* _Material for the task_:

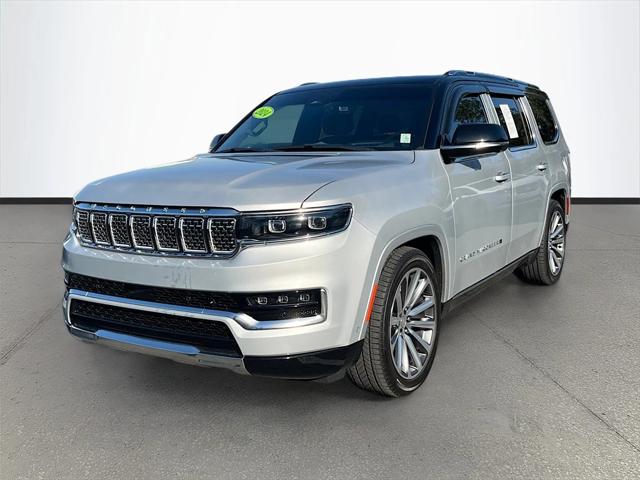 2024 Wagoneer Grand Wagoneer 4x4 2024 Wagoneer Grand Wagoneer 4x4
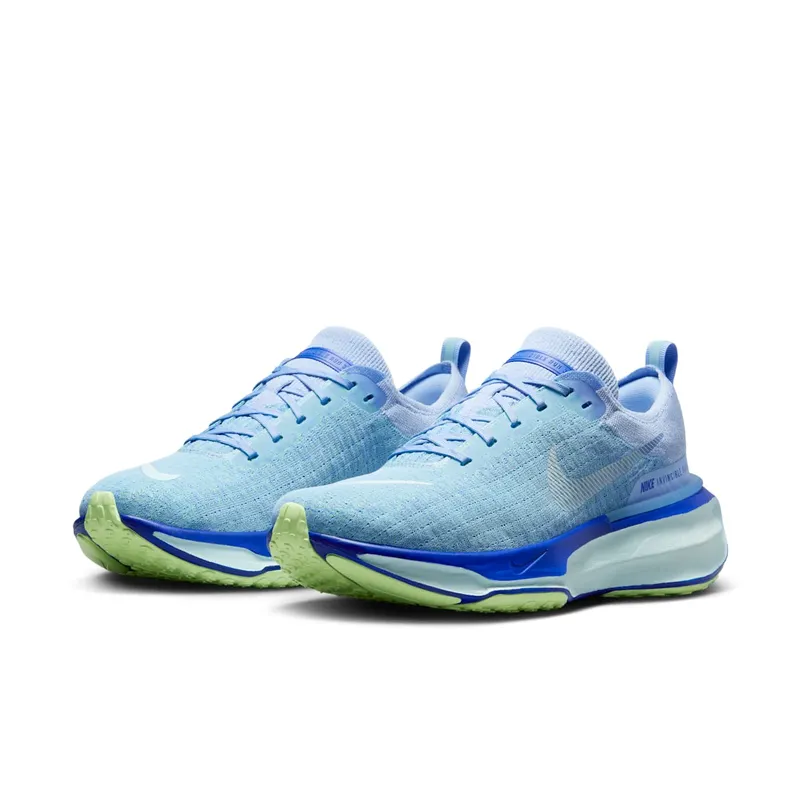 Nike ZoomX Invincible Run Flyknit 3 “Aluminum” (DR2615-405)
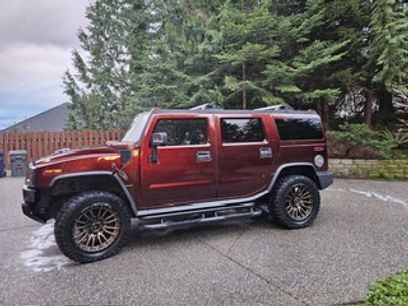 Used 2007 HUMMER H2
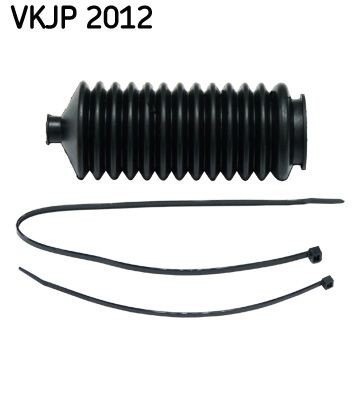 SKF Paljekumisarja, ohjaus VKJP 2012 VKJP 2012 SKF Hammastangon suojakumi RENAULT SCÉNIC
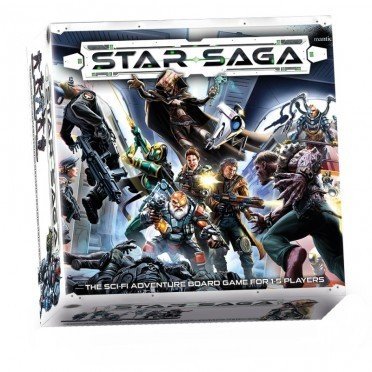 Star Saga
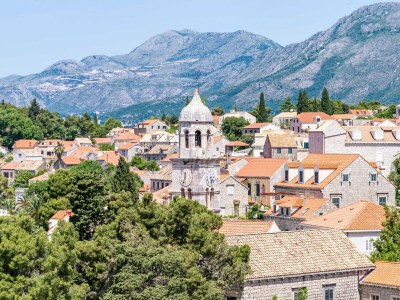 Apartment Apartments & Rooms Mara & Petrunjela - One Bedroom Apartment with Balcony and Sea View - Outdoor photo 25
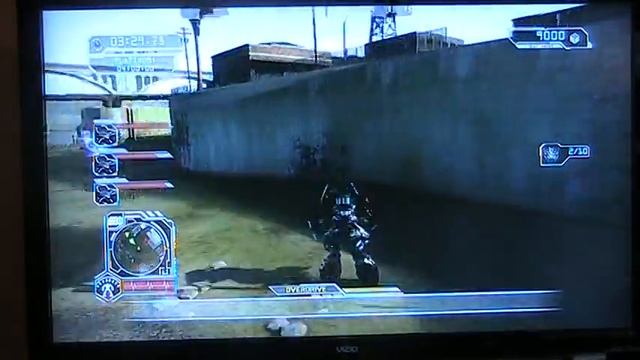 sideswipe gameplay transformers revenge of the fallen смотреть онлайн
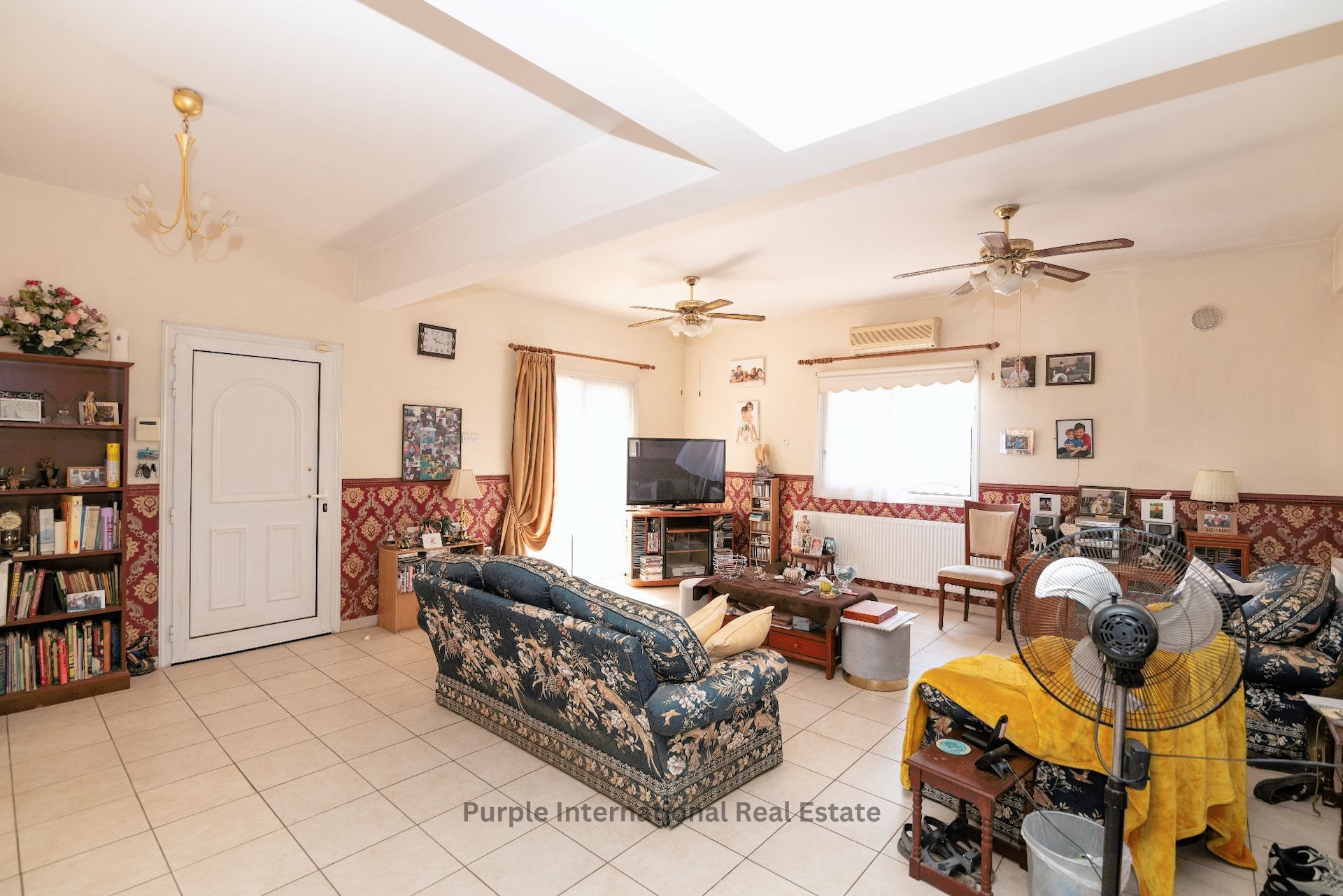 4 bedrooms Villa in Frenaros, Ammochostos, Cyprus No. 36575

* _Required action_: The records, exactly as written but without images, should be returned.

* _Answer space_:
 2024 Wagoneer Grand Wagoneer 4x4 2024 Wagoneer Grand Wagoneer 4x4
 Nike ZoomX Invincible Run Flyknit 3 “Aluminum” (DR2615-405)
 Used 2007 HUMMER H2
 SKF Paljekumisarja, ohjaus VKJP 2012 VKJP 2012 SKF Hammastangon suojakumi RENAULT SCÉNIC
 Star Saga
 Apartment Apartments & Rooms Mara & Petrunjela - One Bedroom Apartment with Balcony and Sea View - Outdoor photo 25
 sideswipe gameplay transformers revenge of the fallen смотреть онлайн
 4 bedrooms Villa in Frenaros, Ammochostos, Cyprus No. 36575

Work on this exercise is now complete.